There is an iconic painting called "Mount Egmont, from the southward", which appears in many art history books and can be best described as impressionistic as it presents Te Maunga Taranaki and the surrounding bush in a stylized form that accentuates the vertical. The artist is Charles Heaphy and it is part of a body of work including other topographical watercolours, portraits and charts of New Zealand, that form an important record of early European settlement. Such work was used by the New Zealand Company (NZC) to attract migrants to this part of the world, which might also explain the lack of realism in the work.
Charles Heaphy, the son of a noted water-colourist, was born in London in 1820. He was appointed as artist and draughtsman to the NZC and came to New Zealand aboard the Tory in late 1839 with Colonel William Wakefield. He set about travelling the country, producing these works, including the period in Taranaki. He finally settled in Nelson in 1841 surveying the area around Tasman Bay
With the company struggling, he proposed opening up the interior of the South Island and joined Brunner in their epic 560 day journey to the West Coast from the Nelson district. Unfortunately, his role in propaganda for NZC made him unpopular, and he was forced to take the job of draughtsman in the Auckland Survey Office in 1847.

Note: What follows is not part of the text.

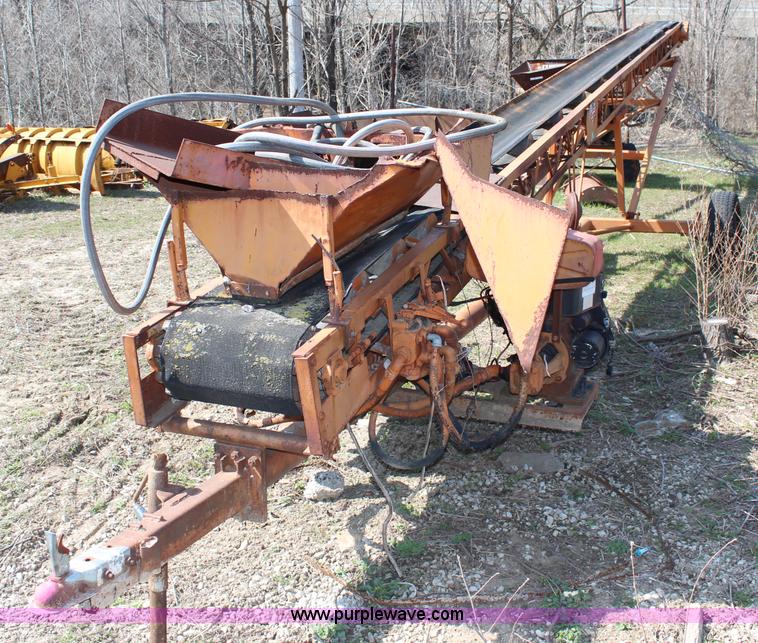 image for item AJ9638 40' stacker conveyor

In 1859 he joined the Auckland Rifle Volunteers and then volunteered for active service in 1863 at the outbreak of war in the Waikato. He became the first colonial soldier to be awarded the Victoria Cross for rescuing a wounded soldier under fire at Pāterangi, near Te Awamutu.
Back in the civilian world in 1864, he reverted to being a surveyor and rather infamously surveyed confiscated Waikato land. Then in 1868, he became Commissioner of Native Reserves, and by 1878 he was Government Insurance Commissioner and a judge of the Native Land Court.
Ill health saw him resign from all positions in 1880 and he left for Australia in 1881, where he died on 3 August 1881. He is buried at Toowong Cemetery in Brisbane.